━━━━━ DATASET RECORDS ━━━━━
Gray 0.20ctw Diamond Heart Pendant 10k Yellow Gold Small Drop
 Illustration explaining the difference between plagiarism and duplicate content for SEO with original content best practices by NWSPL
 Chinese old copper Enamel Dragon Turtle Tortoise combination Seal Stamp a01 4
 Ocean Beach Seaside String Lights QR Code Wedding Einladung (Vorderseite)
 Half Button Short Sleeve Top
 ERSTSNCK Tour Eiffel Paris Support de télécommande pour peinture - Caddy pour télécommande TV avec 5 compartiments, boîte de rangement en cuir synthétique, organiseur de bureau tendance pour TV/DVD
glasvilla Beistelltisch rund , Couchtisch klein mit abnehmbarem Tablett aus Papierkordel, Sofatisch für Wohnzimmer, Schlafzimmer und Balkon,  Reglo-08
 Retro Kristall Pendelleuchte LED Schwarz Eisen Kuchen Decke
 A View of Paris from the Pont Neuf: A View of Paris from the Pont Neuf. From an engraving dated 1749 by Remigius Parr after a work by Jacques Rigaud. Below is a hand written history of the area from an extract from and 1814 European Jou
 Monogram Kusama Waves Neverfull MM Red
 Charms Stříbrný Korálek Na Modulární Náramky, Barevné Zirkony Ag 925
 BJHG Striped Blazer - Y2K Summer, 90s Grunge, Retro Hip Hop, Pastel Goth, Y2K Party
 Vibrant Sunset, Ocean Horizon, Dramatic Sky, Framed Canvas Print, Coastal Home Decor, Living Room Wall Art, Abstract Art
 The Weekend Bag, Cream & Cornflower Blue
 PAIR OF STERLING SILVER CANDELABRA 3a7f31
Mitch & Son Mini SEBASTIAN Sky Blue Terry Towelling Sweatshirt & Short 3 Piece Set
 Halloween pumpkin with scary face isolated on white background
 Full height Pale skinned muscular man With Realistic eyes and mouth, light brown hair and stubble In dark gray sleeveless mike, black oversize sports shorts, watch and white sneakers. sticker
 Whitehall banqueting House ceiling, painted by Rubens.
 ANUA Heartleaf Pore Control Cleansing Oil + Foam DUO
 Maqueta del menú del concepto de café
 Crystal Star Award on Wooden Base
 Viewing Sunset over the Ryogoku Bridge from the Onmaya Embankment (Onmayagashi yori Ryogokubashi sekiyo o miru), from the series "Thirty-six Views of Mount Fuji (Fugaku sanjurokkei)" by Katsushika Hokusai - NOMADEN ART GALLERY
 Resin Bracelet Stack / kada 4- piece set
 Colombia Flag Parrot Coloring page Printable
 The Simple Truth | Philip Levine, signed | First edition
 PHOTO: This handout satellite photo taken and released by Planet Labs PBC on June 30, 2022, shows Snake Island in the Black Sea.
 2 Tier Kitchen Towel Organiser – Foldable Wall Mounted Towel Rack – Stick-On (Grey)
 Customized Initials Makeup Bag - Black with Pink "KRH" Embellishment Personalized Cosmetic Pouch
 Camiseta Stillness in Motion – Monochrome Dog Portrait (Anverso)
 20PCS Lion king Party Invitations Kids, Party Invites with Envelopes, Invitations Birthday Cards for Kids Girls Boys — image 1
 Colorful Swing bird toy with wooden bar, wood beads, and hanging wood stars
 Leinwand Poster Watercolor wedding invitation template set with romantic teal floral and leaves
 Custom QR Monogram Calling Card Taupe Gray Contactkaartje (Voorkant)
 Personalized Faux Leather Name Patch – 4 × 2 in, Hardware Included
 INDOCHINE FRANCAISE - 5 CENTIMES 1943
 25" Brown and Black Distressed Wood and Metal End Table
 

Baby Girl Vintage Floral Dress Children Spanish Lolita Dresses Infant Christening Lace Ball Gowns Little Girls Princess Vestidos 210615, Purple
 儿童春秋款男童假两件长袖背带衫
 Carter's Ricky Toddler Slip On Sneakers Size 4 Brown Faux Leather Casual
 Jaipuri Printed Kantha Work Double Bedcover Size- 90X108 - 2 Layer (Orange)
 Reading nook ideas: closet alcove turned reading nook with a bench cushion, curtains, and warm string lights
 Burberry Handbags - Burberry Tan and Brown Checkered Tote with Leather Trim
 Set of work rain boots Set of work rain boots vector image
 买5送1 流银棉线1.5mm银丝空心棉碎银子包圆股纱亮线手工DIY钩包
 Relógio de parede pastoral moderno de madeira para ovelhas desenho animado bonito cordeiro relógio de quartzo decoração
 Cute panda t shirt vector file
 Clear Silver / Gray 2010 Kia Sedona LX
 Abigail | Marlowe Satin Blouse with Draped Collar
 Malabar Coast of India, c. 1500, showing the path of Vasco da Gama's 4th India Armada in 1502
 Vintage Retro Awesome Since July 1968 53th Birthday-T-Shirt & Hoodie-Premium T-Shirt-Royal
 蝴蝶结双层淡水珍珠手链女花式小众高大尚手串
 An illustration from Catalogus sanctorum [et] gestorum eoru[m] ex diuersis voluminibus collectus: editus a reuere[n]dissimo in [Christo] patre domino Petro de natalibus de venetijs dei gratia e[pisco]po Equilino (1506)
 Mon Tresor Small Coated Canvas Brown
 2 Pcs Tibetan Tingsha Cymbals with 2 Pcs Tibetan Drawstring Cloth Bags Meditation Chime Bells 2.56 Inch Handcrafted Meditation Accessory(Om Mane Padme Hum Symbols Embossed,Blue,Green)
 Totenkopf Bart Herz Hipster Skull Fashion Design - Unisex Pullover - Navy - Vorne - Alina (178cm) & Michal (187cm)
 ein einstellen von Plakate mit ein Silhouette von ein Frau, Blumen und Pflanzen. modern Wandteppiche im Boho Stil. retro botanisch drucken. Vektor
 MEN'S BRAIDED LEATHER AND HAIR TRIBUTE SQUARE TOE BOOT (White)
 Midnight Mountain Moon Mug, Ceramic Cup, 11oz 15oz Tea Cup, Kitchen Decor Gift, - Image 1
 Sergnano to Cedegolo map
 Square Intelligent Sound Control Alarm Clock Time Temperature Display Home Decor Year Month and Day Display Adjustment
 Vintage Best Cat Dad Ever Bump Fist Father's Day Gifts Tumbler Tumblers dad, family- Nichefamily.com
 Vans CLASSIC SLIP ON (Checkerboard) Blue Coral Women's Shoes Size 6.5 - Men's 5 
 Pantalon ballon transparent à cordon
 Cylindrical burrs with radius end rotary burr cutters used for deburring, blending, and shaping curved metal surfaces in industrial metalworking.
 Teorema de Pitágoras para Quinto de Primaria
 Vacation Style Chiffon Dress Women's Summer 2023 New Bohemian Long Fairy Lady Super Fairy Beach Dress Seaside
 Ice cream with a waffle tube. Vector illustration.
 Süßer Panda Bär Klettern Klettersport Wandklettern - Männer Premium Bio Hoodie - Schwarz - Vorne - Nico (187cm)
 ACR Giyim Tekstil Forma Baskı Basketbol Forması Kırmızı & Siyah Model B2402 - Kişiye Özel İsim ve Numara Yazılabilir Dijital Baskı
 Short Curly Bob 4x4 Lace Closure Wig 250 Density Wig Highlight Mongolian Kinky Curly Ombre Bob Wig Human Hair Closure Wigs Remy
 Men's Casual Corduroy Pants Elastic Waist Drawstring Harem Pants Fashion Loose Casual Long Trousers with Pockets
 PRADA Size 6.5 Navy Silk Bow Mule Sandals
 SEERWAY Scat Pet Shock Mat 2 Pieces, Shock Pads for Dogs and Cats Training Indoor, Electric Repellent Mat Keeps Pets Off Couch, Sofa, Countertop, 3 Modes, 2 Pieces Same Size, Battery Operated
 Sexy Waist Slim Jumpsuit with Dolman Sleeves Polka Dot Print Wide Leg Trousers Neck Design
━━━━━
# WHAT YOU WILL DO
Return the line that contains "Vacation Style Chiffon", along with every line after it in the data above, exactly and with nothing else.

# ANSWER SECTION
 Vacation Style Chiffon Dress Women's Summer 2023 New Bohemian Long Fairy Lady Super Fairy Beach Dress Seaside
 Ice cream with a waffle tube. Vector illustration.
 Süßer Panda Bär Klettern Klettersport Wandklettern - Männer Premium Bio Hoodie - Schwarz - Vorne - Nico (187cm)
 ACR Giyim Tekstil Forma Baskı Basketbol Forması Kırmızı & Siyah Model B2402 - Kişiye Özel İsim ve Numara Yazılabilir Dijital Baskı
 Short Curly Bob 4x4 Lace Closure Wig 250 Density Wig Highlight Mongolian Kinky Curly Ombre Bob Wig Human Hair Closure Wigs Remy
 Men's Casual Corduroy Pants Elastic Waist Drawstring Harem Pants Fashion Loose Casual Long Trousers with Pockets
 PRADA Size 6.5 Navy Silk Bow Mule Sandals
 SEERWAY Scat Pet Shock Mat 2 Pieces, Shock Pads for Dogs and Cats Training Indoor, Electric Repellent Mat Keeps Pets Off Couch, Sofa, Countertop, 3 Modes, 2 Pieces Same Size, Battery Operated
 Sexy Waist Slim Jumpsuit with Dolman Sleeves Polka Dot Print Wide Leg Trousers Neck Design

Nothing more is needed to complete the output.